Data for review section start
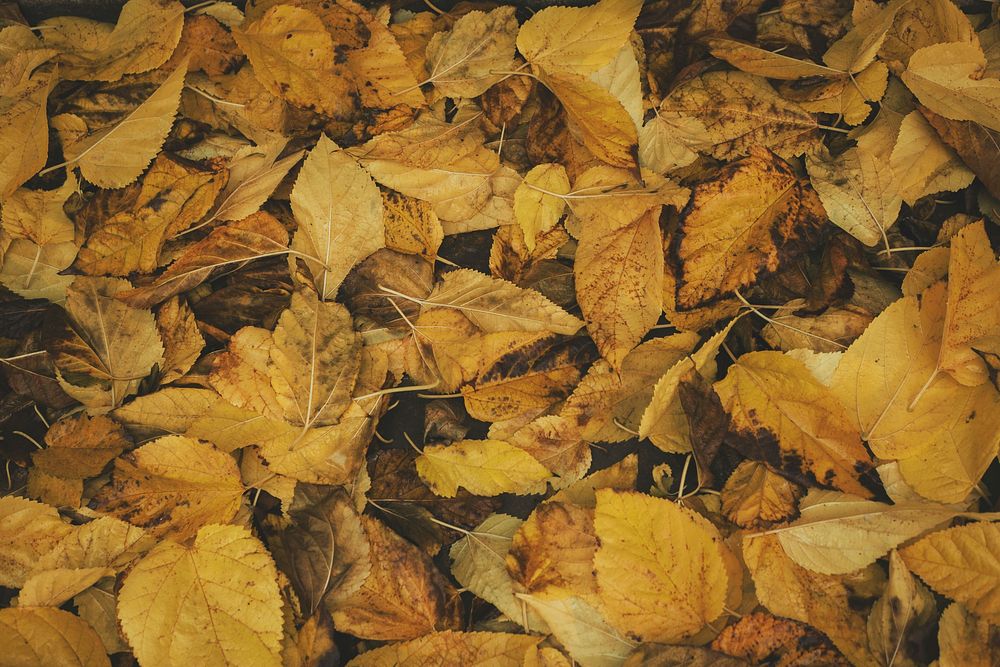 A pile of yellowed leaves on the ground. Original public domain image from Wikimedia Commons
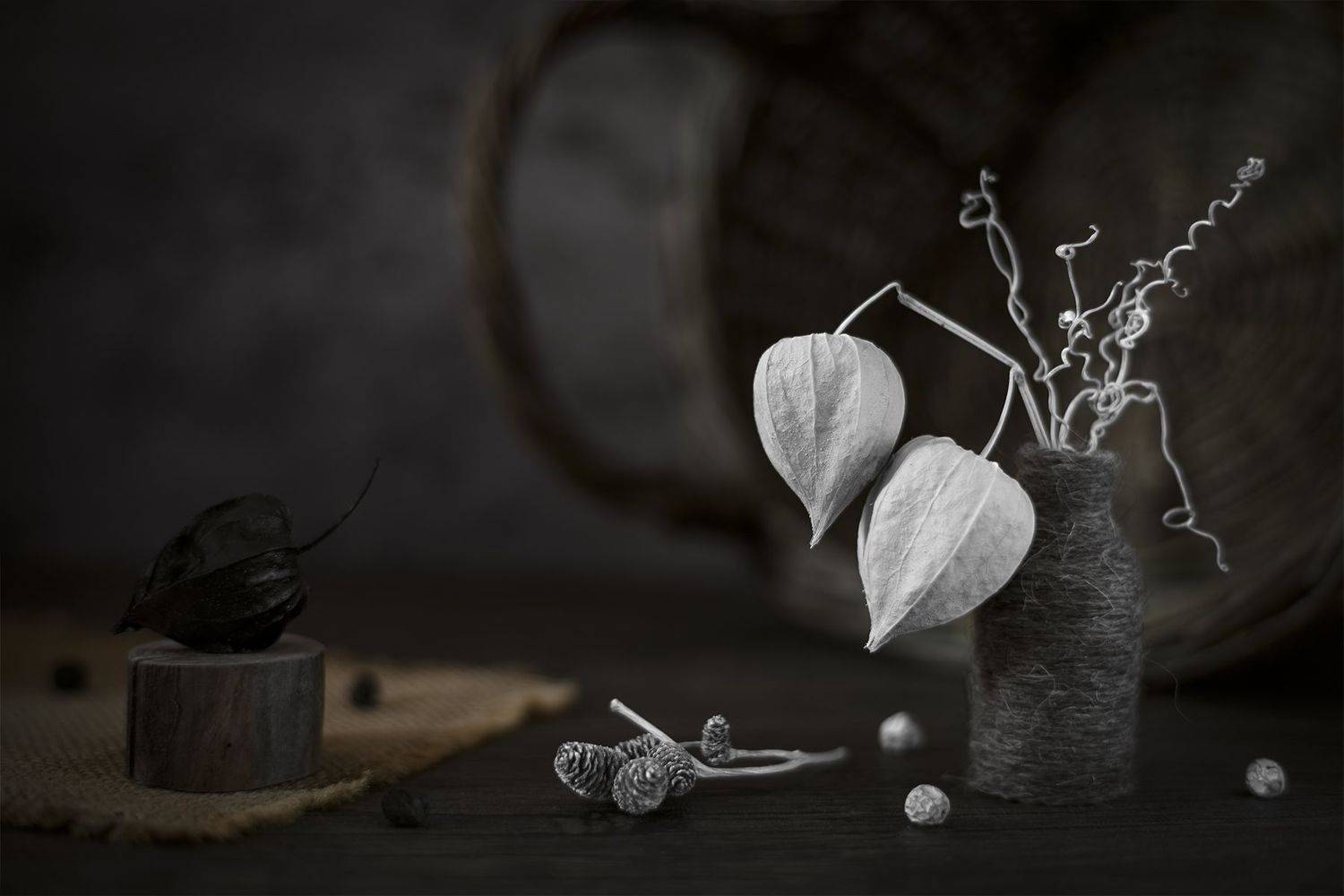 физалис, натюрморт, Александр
Data for review section end
Data for review section start
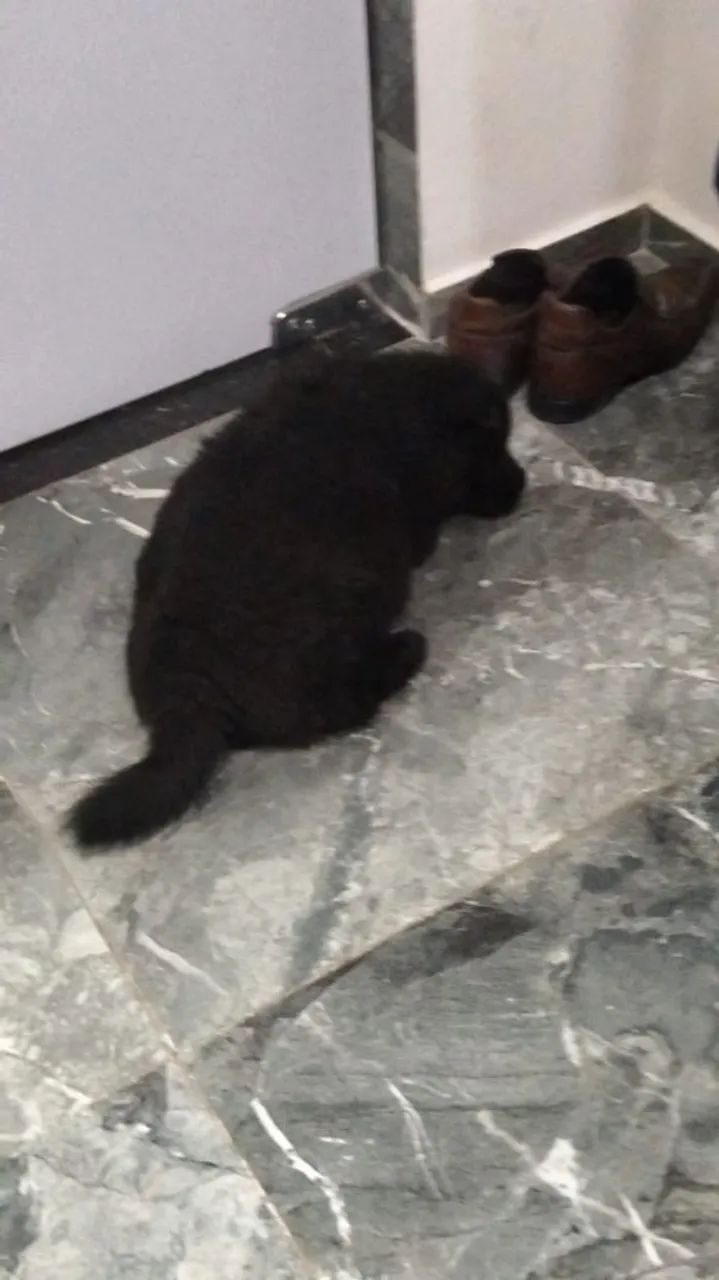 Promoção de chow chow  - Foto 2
Data for review section end
Description of the task
Both the line containing "A pile of yellowed" and the line containing "физалис, натюрморт, Александр" above belong in the output, as do the lines between them. Print them exactly, without pictures.

Problem solution
 A pile of yellowed leaves on the ground. Original public domain image from Wikimedia Commons
 физалис, натюрморт, Александр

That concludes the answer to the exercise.